London clubs’ date with destiny


By David Hennessy

The London county champions in both codes have to overcome tough opposition if they are to progress in their respective All-Ireland tournaments. Barney Breen, manager of Tir Chonaill Gaels, admits that Corofin of Galway, who have been in unstoppable, appear to have no “chink in their armour”.

London’s champion hurlers Kilburn Gaels will face Mullinavat of Kilkenny who claimed the Leinster Intermediate title who boast the predatory instincts of John Walsh whose 2-5 in the Croke Park final put Kilkenny well on their way to a minor All-Ireland this year.

Having both won their titles in August, the London teams could be lacking a bit of match practice while facing champions who come straight from winning provincial crowns.

Both Tir Chonaill Gaels and Kilburn Gaels will have home advantage with Mullinavat and Corofin travelling to Ruislip for the games set for the first and second weekends of December.

Senior Football

Corofin have scored 18 goals in their campaign so far, including an impressive seven against Aughawilliam of Leitrim, with Galway county footballer Michael Lundy especially prolific.

Tir Chonaills Gaels manager Barney Breen was in Ireland to see Corofin make sure of a 2-13 to 1-7 Connacht final victory over Ballintubber of Mayo at the weekend and is under no illusion of the huge challenge that lies ahead.
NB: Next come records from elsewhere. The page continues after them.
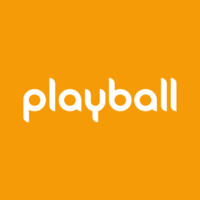 Playball Empreendimentos Esportivos logo - Similar company to Playtennis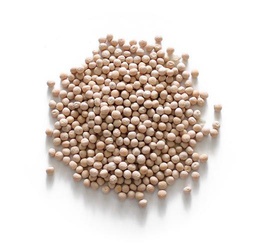 [10004290] BADEN PIGEON TRAPPER PEAS 22.68KG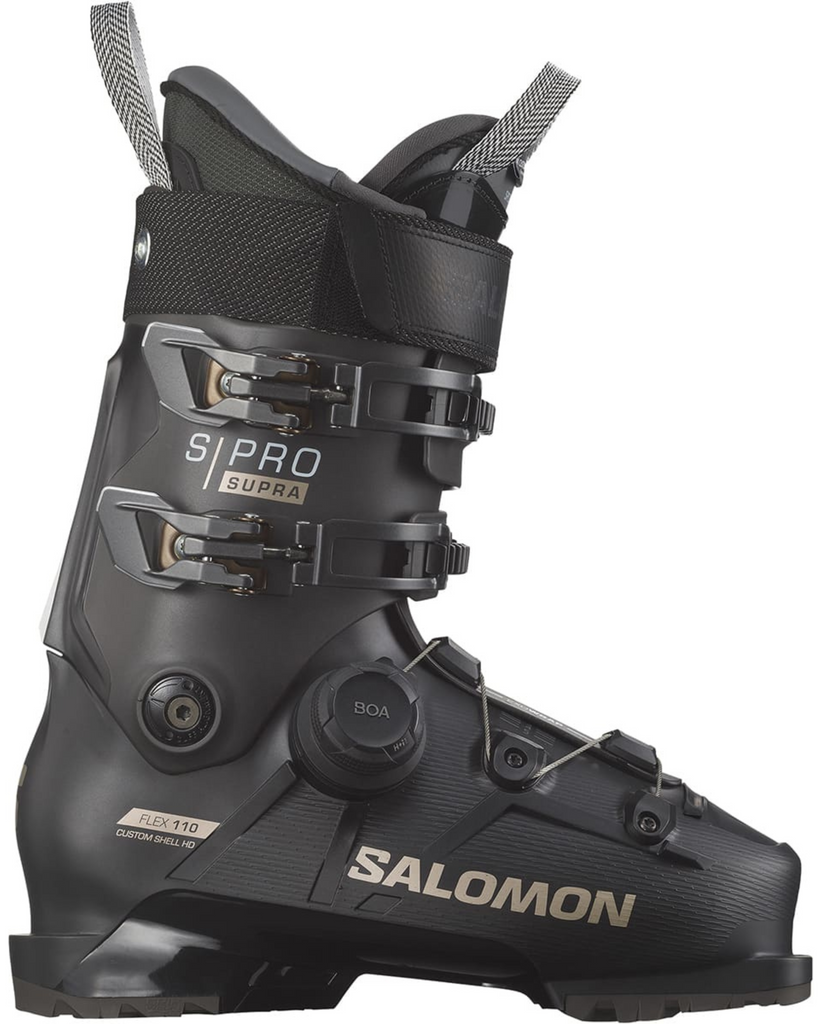 Botas de esquí Salomon S/Pro SUPRA BOA 110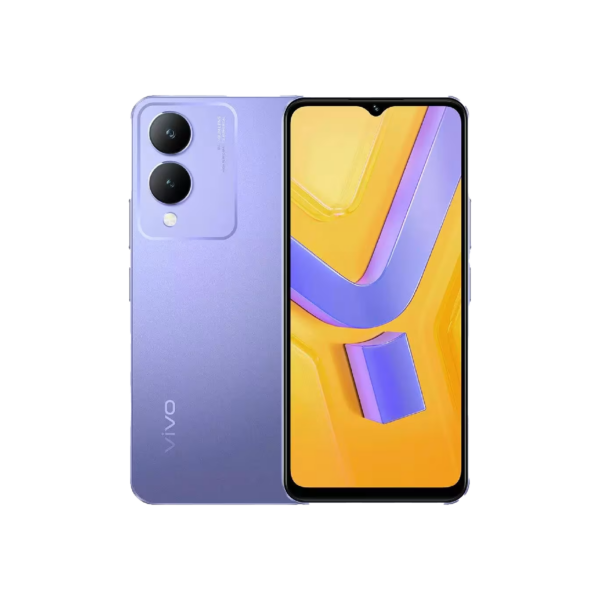 Vivo Y17S - Image 2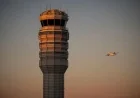 Air Travel Recovery to Lag Even After Shutdown Ends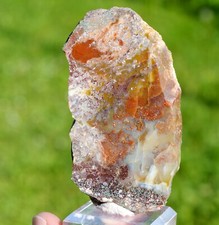 Achat 119 Gramm - Schlottwitz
Barney told The Irish World: “They’re a slick outfit. They really destroyed Ballintubber. That’s what we’re going up against. They look to be a team really on a mission for an All-Ireland this year but they won’t relish at all coming over to see us in Ruislip and we have to put ourselves in a position that if they have an off day, we’re ready to pounce on them. That’s basically how we have to look at it.

“Looking at how they’ve demolished every team so far in Galway and everywhere else- They haven’t beaten every team, they have demolished every team-  Our own chances, we have to look at them realistically.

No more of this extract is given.